I agree with the idea of this but in saying this you are forgetting about ~20% of the US populace that lives in rural areas.[1] I personally live ~1 hour from the nearest city. The area I live in has no access to high-speed internet to enable remote work, and the cost of driving to the city for a good paying job is still money ahead than taking a low paying job closer by. I also know I am not the only one of my neighbors in this boat.

This goes back to my original point, I think we have made the change too late. Sure we can implement solutions in cities with relative speed but the type of large scale changes that it would take to help areas, like where I'm at, will be too late by the time they are finished.

[1]https://www.census.gov/library/stories/2017/08/rural-america...




Obviously, this isn't a one-size fits all solution. But even per your numbers, the vast majority (80%) of American's don't live in rural areas. The solutions I mentioned are the biggest bang for the buck because they are the most broadly applicable.

Even for those that do live in rural communities, this isn't an intractable situation with no possibility of improving. First of all, many rural communities existed before the invention of the automobile. They began as compact towns centered around the train station. Nearly all of them have lost passenger rail access, but places like Germany, Austria, and Switzerland show that this need not be the case.
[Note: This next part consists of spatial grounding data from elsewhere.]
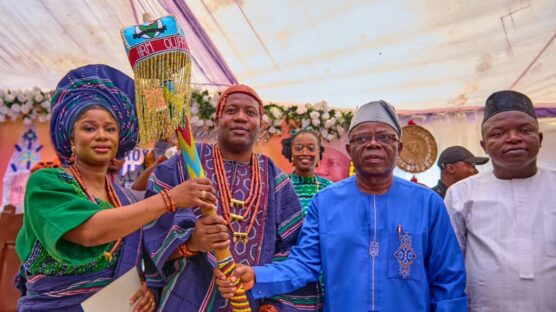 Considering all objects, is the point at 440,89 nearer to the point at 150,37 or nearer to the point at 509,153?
the point at 509,153

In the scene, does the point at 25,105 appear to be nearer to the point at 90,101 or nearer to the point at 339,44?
the point at 339,44

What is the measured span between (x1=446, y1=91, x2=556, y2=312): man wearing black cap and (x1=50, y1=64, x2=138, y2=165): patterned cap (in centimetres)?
190

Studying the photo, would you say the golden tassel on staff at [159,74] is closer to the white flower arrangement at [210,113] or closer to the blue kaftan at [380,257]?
A: the blue kaftan at [380,257]

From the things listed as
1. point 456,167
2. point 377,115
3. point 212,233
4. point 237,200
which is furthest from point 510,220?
point 456,167

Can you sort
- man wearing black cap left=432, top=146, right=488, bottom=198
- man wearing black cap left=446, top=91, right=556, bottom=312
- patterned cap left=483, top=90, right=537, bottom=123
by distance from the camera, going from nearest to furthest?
man wearing black cap left=446, top=91, right=556, bottom=312 → patterned cap left=483, top=90, right=537, bottom=123 → man wearing black cap left=432, top=146, right=488, bottom=198

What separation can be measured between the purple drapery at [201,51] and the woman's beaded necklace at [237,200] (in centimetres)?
303

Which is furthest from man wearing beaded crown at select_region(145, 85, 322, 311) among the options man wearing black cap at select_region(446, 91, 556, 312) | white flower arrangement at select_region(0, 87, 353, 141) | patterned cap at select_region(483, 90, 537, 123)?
white flower arrangement at select_region(0, 87, 353, 141)

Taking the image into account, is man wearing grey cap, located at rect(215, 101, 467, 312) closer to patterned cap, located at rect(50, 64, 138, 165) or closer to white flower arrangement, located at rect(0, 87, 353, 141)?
patterned cap, located at rect(50, 64, 138, 165)

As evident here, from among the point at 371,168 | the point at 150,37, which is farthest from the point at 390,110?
the point at 150,37

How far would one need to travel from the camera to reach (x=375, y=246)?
2.22 metres

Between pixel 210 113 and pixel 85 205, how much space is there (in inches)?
180

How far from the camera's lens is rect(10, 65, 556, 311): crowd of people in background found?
2.02 m

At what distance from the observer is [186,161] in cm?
204

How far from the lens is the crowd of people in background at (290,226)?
6.61 ft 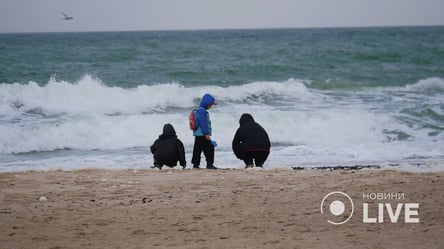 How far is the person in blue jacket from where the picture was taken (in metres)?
10.0

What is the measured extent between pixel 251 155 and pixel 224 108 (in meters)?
9.30

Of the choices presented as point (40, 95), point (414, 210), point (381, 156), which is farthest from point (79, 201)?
point (40, 95)

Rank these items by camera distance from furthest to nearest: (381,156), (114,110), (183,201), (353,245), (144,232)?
(114,110) → (381,156) → (183,201) → (144,232) → (353,245)

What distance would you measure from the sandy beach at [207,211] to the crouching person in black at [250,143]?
1.13m

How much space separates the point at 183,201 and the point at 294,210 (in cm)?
125

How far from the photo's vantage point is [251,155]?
1009 cm

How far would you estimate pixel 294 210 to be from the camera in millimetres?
6664

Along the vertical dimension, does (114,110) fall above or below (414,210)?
above

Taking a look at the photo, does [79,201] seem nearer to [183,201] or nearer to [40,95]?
[183,201]

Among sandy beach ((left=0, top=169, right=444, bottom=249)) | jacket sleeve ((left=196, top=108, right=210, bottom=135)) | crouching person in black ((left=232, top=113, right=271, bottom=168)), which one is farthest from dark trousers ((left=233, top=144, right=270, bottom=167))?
sandy beach ((left=0, top=169, right=444, bottom=249))

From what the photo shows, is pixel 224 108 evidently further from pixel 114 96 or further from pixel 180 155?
pixel 180 155

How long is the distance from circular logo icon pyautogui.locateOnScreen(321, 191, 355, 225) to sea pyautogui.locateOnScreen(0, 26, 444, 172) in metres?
2.87

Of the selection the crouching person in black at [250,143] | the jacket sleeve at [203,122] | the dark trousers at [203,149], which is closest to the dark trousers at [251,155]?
the crouching person in black at [250,143]

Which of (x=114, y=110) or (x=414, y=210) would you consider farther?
(x=114, y=110) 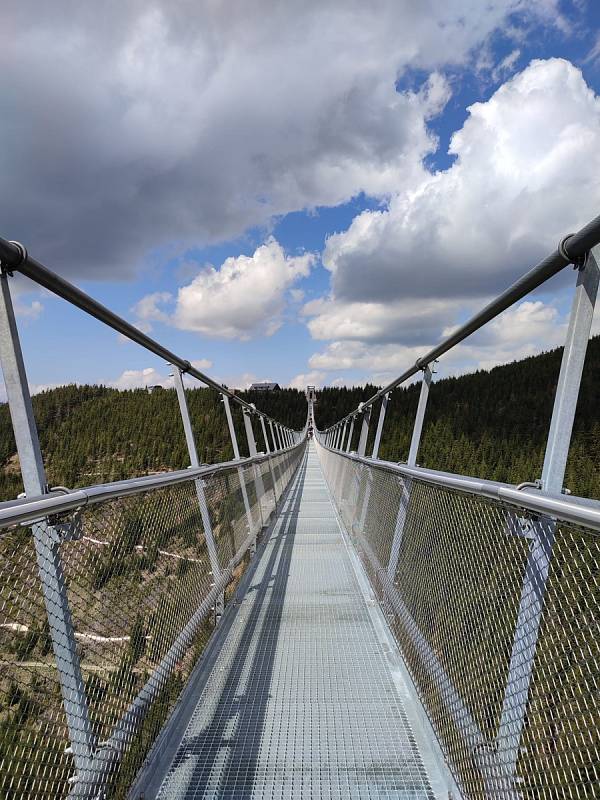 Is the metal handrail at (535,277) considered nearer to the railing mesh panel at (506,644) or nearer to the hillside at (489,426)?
the railing mesh panel at (506,644)

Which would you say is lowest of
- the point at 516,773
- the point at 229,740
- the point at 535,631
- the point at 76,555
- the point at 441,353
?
the point at 229,740

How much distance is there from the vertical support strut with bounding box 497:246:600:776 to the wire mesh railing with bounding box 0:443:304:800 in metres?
1.11

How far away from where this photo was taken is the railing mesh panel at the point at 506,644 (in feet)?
3.67

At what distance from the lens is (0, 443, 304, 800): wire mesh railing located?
1.15m

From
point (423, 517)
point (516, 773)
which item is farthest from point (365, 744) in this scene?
point (423, 517)

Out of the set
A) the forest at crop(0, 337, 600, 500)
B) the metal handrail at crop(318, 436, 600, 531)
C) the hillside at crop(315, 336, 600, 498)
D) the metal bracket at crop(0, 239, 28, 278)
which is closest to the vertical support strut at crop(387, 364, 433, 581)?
the metal handrail at crop(318, 436, 600, 531)

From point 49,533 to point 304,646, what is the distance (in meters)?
1.95

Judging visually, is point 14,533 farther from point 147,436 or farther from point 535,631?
point 147,436

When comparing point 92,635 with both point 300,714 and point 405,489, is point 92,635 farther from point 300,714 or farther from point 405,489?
point 405,489

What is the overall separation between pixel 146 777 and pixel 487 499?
54.8 inches

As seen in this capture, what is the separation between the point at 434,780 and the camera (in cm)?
177

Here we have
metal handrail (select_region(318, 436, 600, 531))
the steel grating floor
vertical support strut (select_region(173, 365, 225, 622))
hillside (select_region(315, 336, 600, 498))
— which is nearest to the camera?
metal handrail (select_region(318, 436, 600, 531))

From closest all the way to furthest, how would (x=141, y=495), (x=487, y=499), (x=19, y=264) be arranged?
(x=19, y=264) → (x=487, y=499) → (x=141, y=495)

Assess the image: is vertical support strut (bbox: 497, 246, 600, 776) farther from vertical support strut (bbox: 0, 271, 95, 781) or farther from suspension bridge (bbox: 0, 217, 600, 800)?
vertical support strut (bbox: 0, 271, 95, 781) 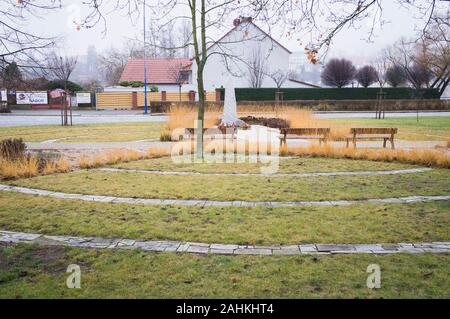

Traditional community planning would allow many people to accomplish daily tasks within town without a car, even if one was used to travel outside of town.

Second, fewer people should be living an hour away from their job in an urban center, and nobody should be forced to. It must be affordable and convenient for everyone to live close enough to their job so as to enable them to easily get there without a car, but this is not a problem that can be solved overnight.

Third, we must invest in an effort to install fiber optic internet access in these communities, in a 21st century repeat of the Rural Electrification program of the 20th century. Remote work is a vital lifeline to stave off the steady decline of population in rural areas.

Rural communities face several existential threats, climate change is just one of them. Hopefully there can be some synergy among solutions that will make these communities more resilient in every dimension, not just climate.